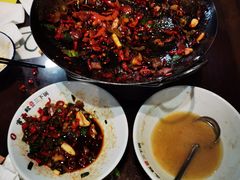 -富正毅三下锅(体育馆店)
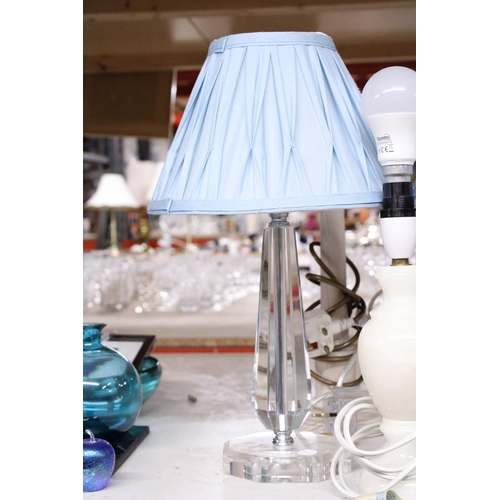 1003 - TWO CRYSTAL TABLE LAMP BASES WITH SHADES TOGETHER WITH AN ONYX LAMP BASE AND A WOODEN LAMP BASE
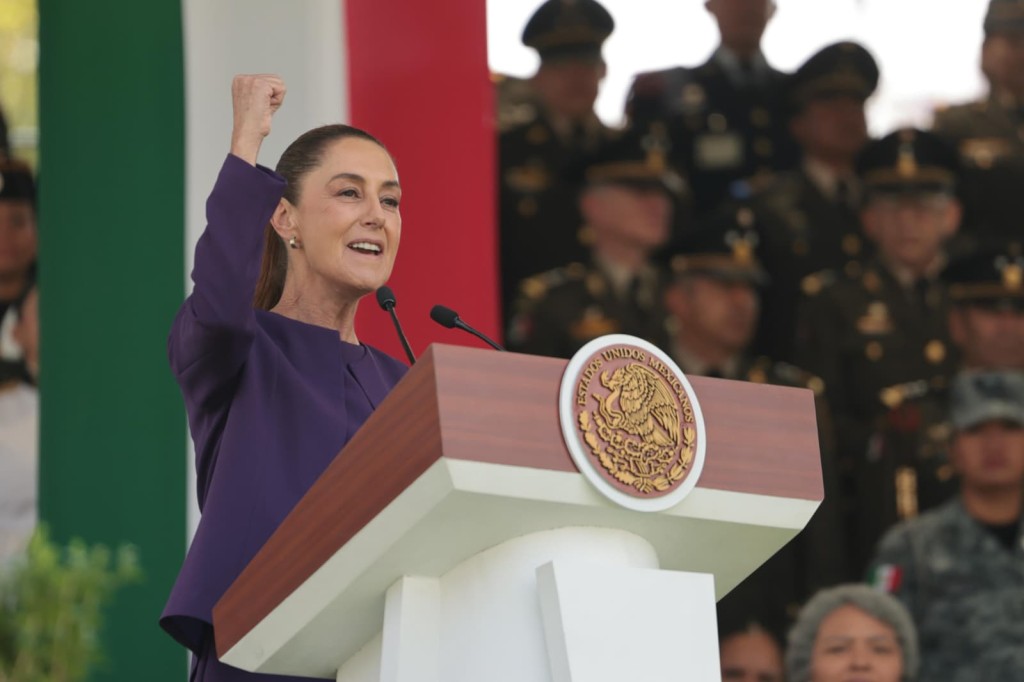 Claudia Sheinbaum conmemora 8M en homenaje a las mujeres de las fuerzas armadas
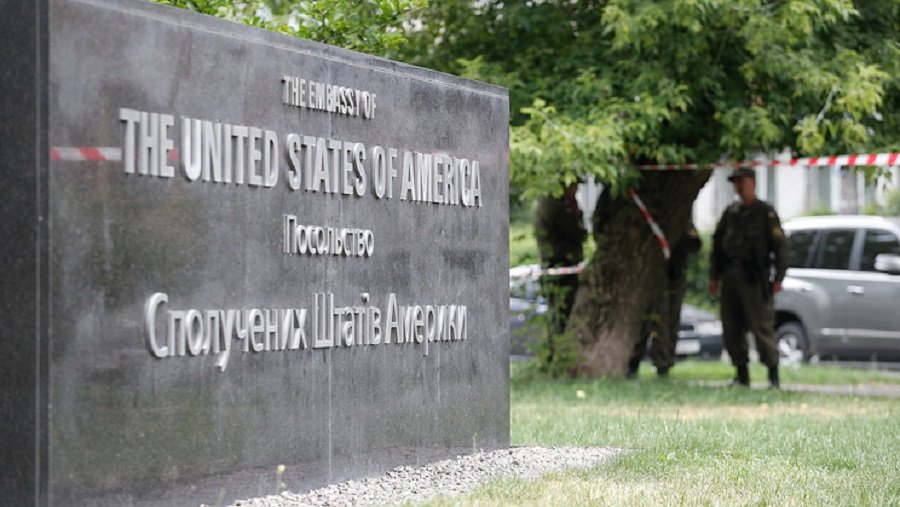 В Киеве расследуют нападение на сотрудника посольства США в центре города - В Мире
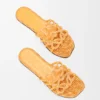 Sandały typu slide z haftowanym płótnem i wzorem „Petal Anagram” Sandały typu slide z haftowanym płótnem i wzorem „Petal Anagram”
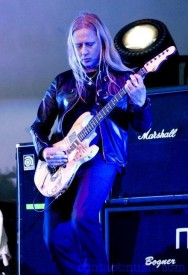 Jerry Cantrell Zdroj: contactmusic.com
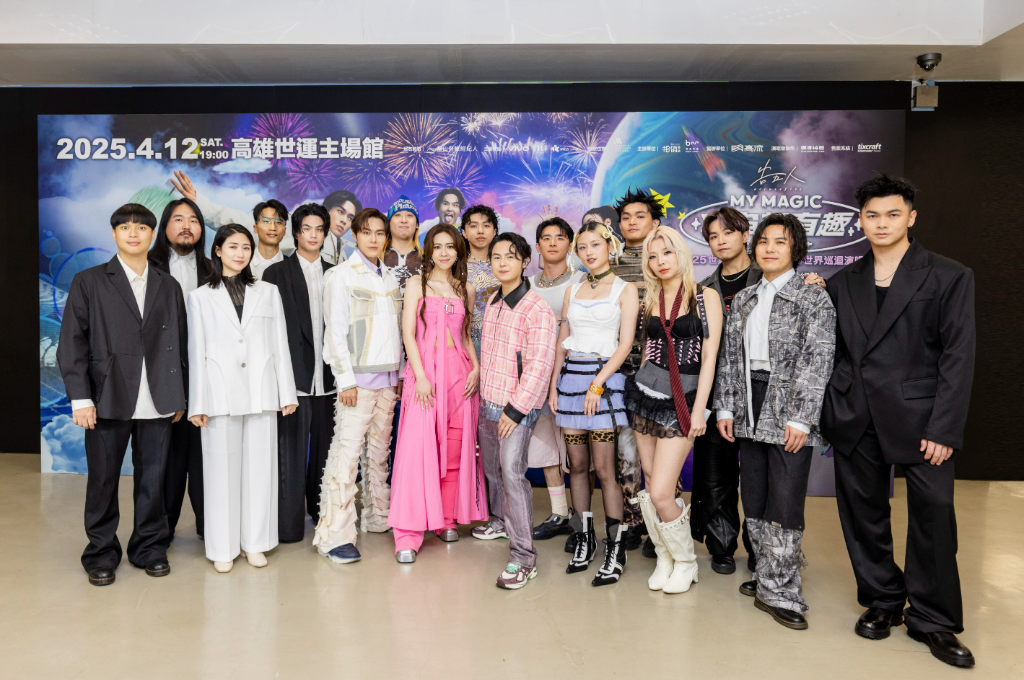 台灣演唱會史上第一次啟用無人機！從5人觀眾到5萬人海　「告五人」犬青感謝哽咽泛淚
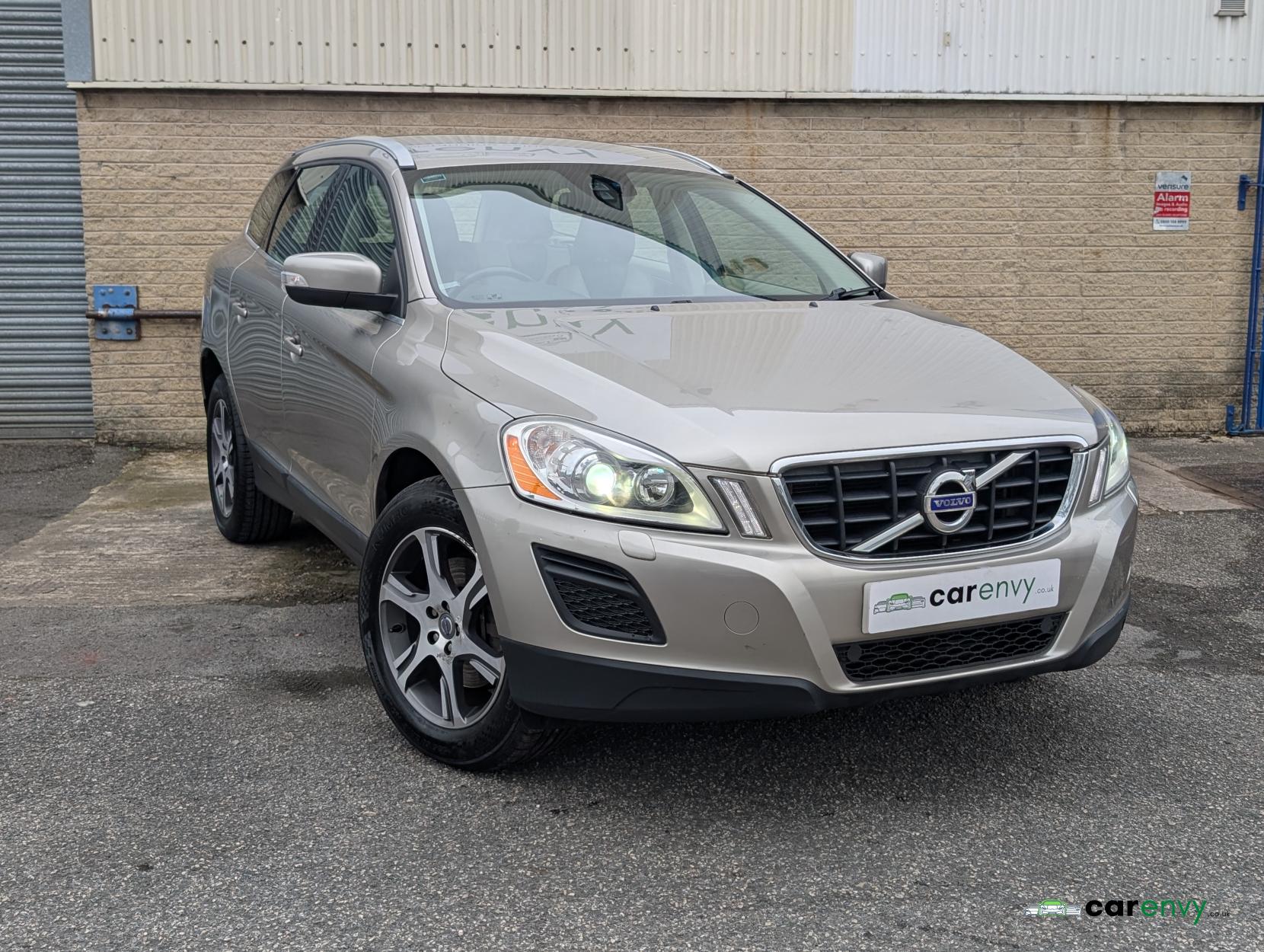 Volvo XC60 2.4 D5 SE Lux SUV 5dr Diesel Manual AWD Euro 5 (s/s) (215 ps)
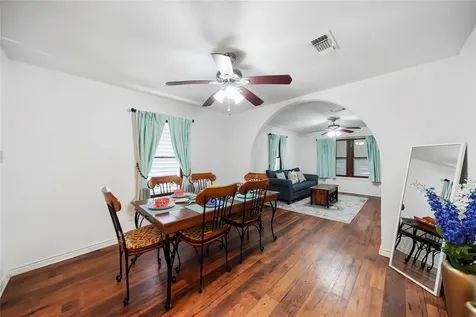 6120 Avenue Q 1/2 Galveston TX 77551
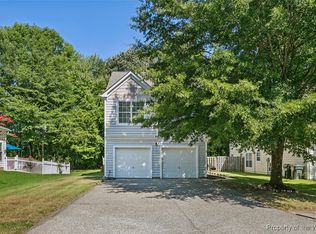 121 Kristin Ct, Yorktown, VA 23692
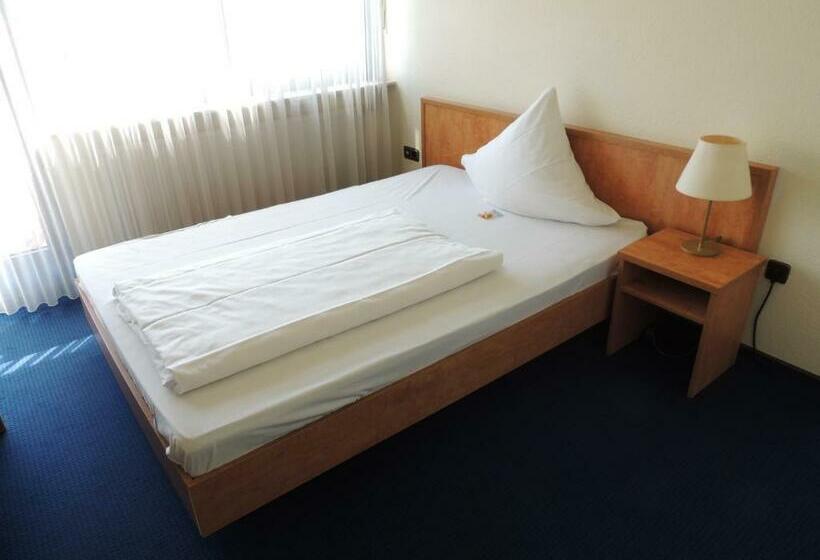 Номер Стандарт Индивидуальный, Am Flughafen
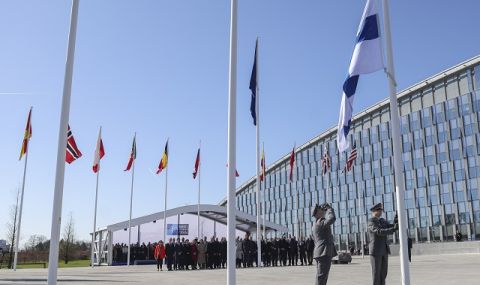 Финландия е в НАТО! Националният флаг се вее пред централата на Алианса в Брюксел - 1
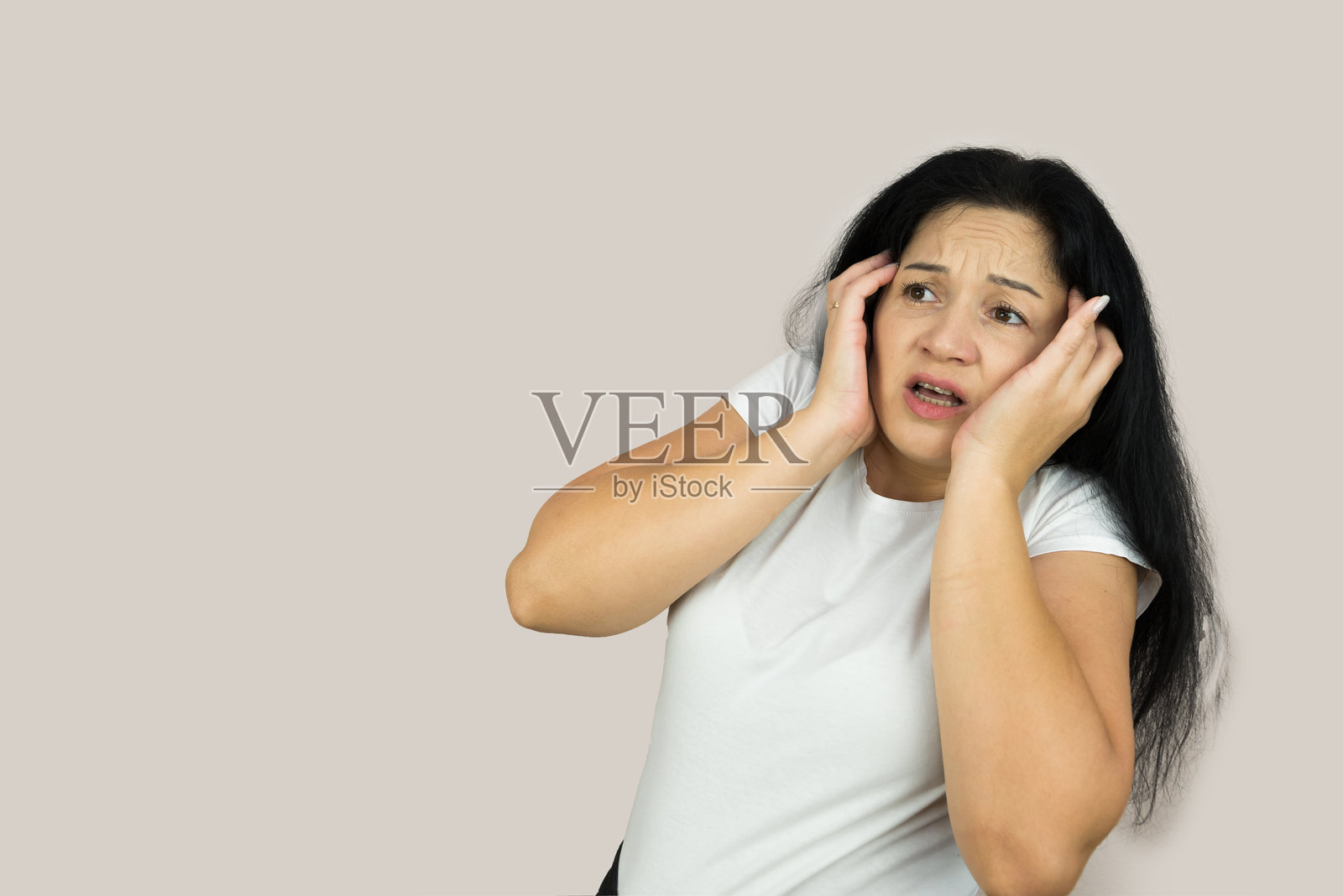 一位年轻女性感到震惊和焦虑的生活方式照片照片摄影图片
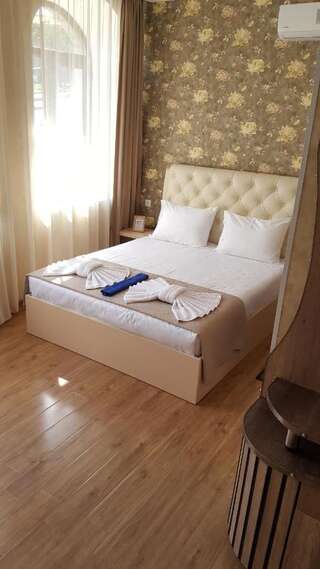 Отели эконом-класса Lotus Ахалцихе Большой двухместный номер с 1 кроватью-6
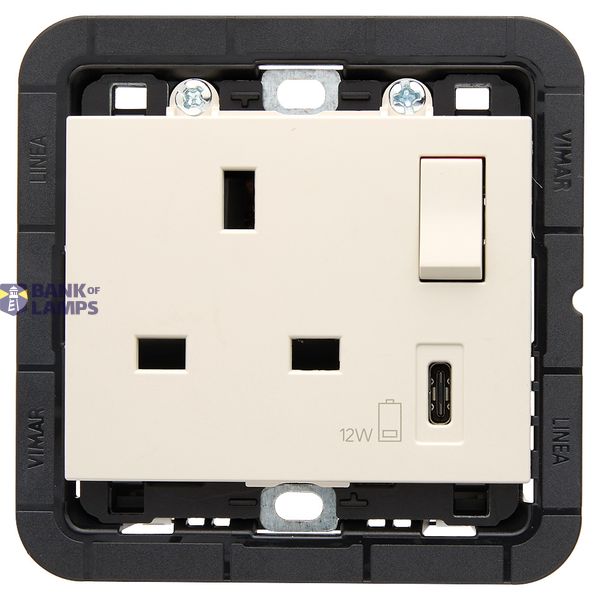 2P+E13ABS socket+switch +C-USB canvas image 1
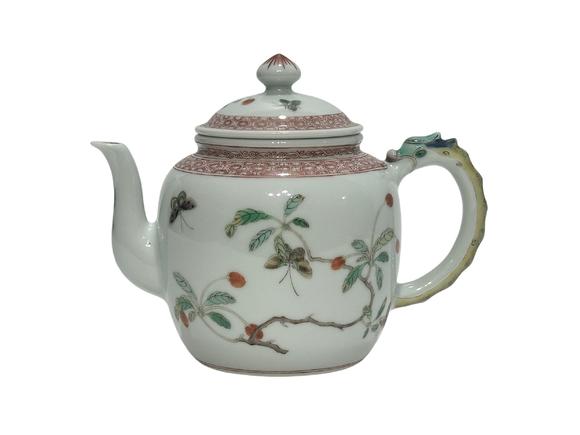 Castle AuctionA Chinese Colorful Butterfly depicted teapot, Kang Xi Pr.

### Directions
Exact lines, nothing more: output the one with "2P+E13ABS socket+switch +C-USB" and every later line through the end of the data, skipping pictures.

### Result of this exercise
 2P+E13ABS socket+switch +C-USB canvas image 1
 Castle AuctionA Chinese Colorful Butterfly depicted teapot, Kang Xi Pr.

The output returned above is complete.